Air conditioning has its critics, even its enemies. There is no question that the spread of it has greatly strained American power capacity (as well as the power capacity of other countries where it is becoming increasingly popular), leading to blackouts, brownouts, and more costly energy. Air conditioners have become more efficient over the years but they are still big eaters of electricity. They also produce a great deal of heat which may have contributed to global warming and which, ironically, encourages the public to use air conditioning all the more to fight the growing heat. Environmentalists have accused air conditioning of not only being a big drain on energy but also of damaging the atmosphere. Freon, the miracle non-inflammable gas that fueled air conditioners, was discovered to have damaged the ozone. It has been outlawed by easy stages. Replacement gases have not been a big improvement and so we might all return to the original air conditioning gas, ammonia. Others have suggested that air conditioning lowers our tolerance for heat, making us less capable of enduring heat waves. I know that virtually every older adult, black and white, with whom I grew up firmly believed that. (The last is a questionable belief if one checks the record to find the incredible number of persons who have died from heat waves in pre-air conditioned days when, supposedly, people would have been more “heat resistant,” as it were. Moreover, many without air conditioning today are still dying from the ever-more-savage heat waves that we are increasingly subject to: 35,000 Europeans died in 2003, during a month-long heat wave with which they seemed ill-prepared to cope. The Europeans may wish to sneer at the American love of air conditioning but I will bet that a good many of those 35,000 dead wished they had had it.) It was also commonly believed (and still may be) that air conditioning gave people colds. Whatever the case, there is no question that it has been a boon for people suffering from allergies and asthma, as it permits them to stay in a building without opening the windows to outside, untreated, pollen- and mold-filled air.
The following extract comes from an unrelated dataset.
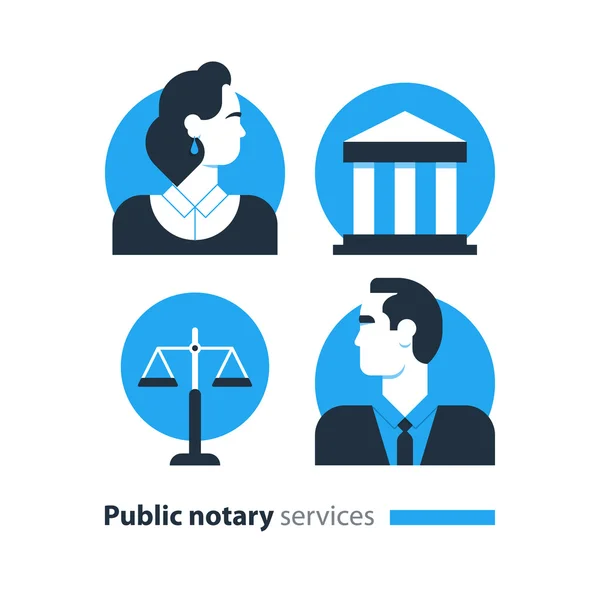 Conjunto de iconos de servicios de notario público, abogacía bufete de abogados consultar documento certificar — Vector de stock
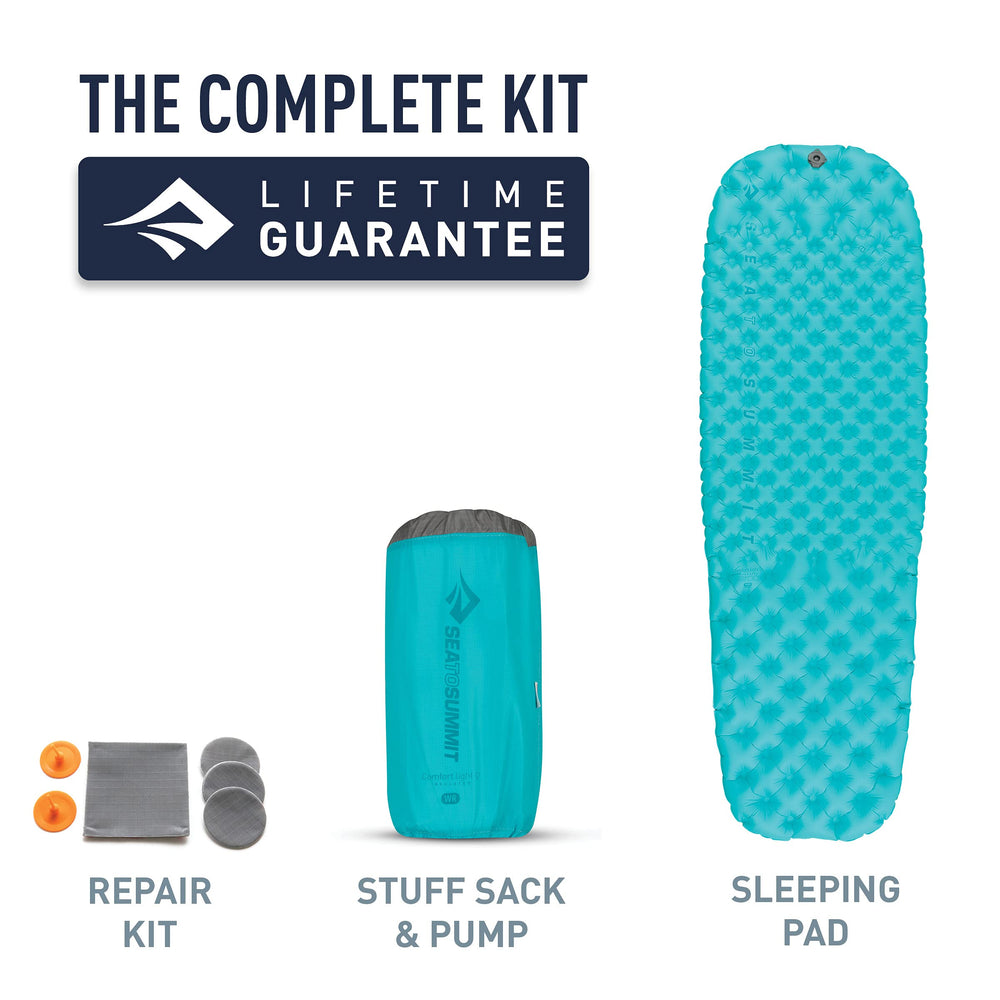Sea to Summit Comfort Light stuff sack and repair kit for field readiness.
Finally, there are the social changes that air conditioning have wrought. The children in un-air conditioned neighborhoods (I know this well as I grew up in such an area) spent little time at home during the summer. Their homes were so hot (mothers still used the stove for meals even in the summer back during my childhood) that everyone went outside to play, organizing their own games. Few even thought of watching television, which is why the networks ran reruns all summer. It was hot outside, to be sure, but it was also highly social because everyone, all the neighbors, were outdoors, adults sitting in lawn chairs, fanning themselves, eating ice cream, gossiping, talking about the latest news stories, while the children threw a baseball, or played hopscotch or cards or checkers or Simon Says or Giant Step or listen to the radio, singing along to popular songs, or sometimes just sat around singing camp songs like “Green Grow the Rushes” or “Old Hogan’s Goat” or “I’ve Been Working on the Railroad.” My mother would tell me stories on summer nights about how, during her childhood, people even slept outside during the summer. No one was in the house playing video games, snacking all the time (the heat made everyone eat less in an un-air conditioned world; air conditioning has almost certainly changed people’s diet during the summer), cocooned, isolated from one’s neighbors, as so many children are today because of air conditioning. Losing the old sense of the urban neighborhood, of urban community, during the summer has been an incalculable loss indeed.

Basile, using such diverse sources as newspapers and popular magazines as well refrigeration publications, science and architectural journals, tells a lively and endlessly informative tale about how air conditioning happened scientifically and what it has done for and to us. Despite being a title from an academic press, the book is highly accessible to the general reader. I highly recommend it.